Figure skating star Kristi Yamaguchi says American women need to go for it at the World Championships in Canada this weekend.
"A year before the Olympics is not the time to be conservative," the 1992 Olympic champion said. "This is the time to go for it and push yourself for how you want to be set up for the next year."
Yamaguchi, a two-time world champion from Fremont, was speaking a few hours after the ladies short program Thursday in which Ashley Wagner finished fifth and Gracie Gold ninth.
Wagner, the two-time reigning U.S. champion, talked about skating conservatively in the short program to keep the Americans in contention to earn three Olympic berths for the 2014 Winter Olympics.
Wagner and Gold need to finish in a combination that adds to 13 or lower to get the coveted third spot. They currently have a combined total of 14 with the free skate scheduled for Saturday.
Yamaguchi, who will appear Sunday at the San Francisco Bulls' game to promote her Always Dream Foundation, says the Americans should forget about that third spot.
"Sure it is pressure but ultimately it is something they should push aside and focus on the task at hand and that is skating as clean as they can," Yamaguchi said.

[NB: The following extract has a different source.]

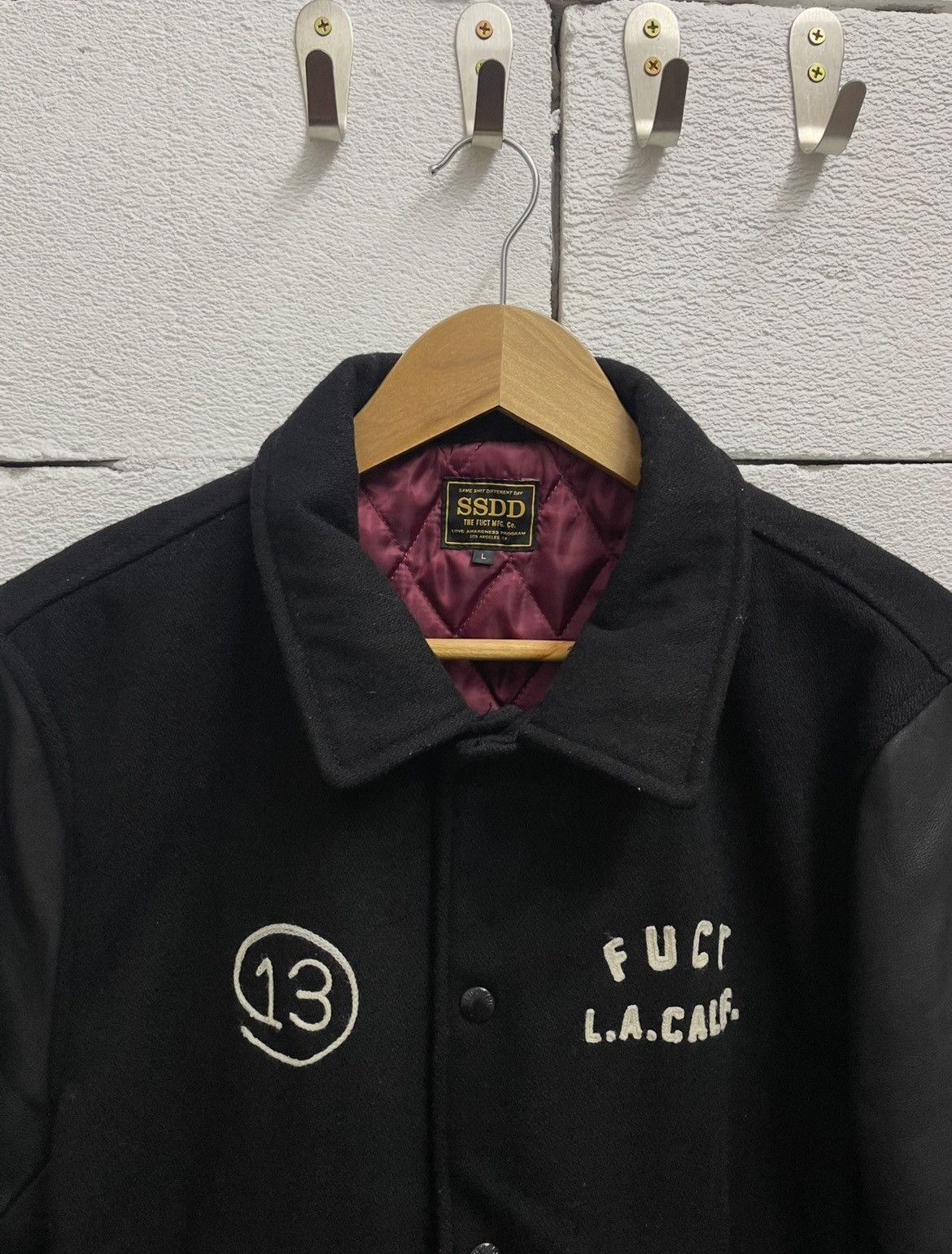 FUCT Fuct Varsity Wool Jacket Size US L / EU 52-54 / 3 - 3 Thumbnail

"It would be amazing if they both could accomplish the goal of getting three spots. But it's hard to put that pressure on the skaters. It's not the only reason they are there."
It's personal for Wagner, who finished third
Wagner and Gold have set themselves apart from the rest of the U.S. skaters, according to Yamaguchi. But she added that the American women are deep a year before the Sochi Games with Christina Gao and Mirai Nagasu as those capable of doing well.
Still, the U.S. women don't appear ready to challenge the lissome Asian skaters who dominate the standings.
Olympic champion Kim Yu-Na of South Korea looked spectacular in the short program Thursday in her return after 19 months away. Italy's Carolina Kostner enters the long program in second place, followed by Japan's Kanako Murakami.
Yamaguchi praised the Asian skaters' consistency over the past two years but added, "It will be interesting to see if they will stay on this path. There is a little more pressure."
Yamaguchi, 41, has remained close to skating but her passion has been the Always Dream Foundation that she started in1996. The group promotes early childhood literacy.
"Looking back to '92 you just never imagine what will lie ahead with you," she said. "I'm always looking for another challenge. For the most part to have established Always Dream has allowed me to do something that my whole family is involved with and can continue when I'm gone."
The Bulls, the area's minor league hockey team, is working with the foundation as part of their community outreach.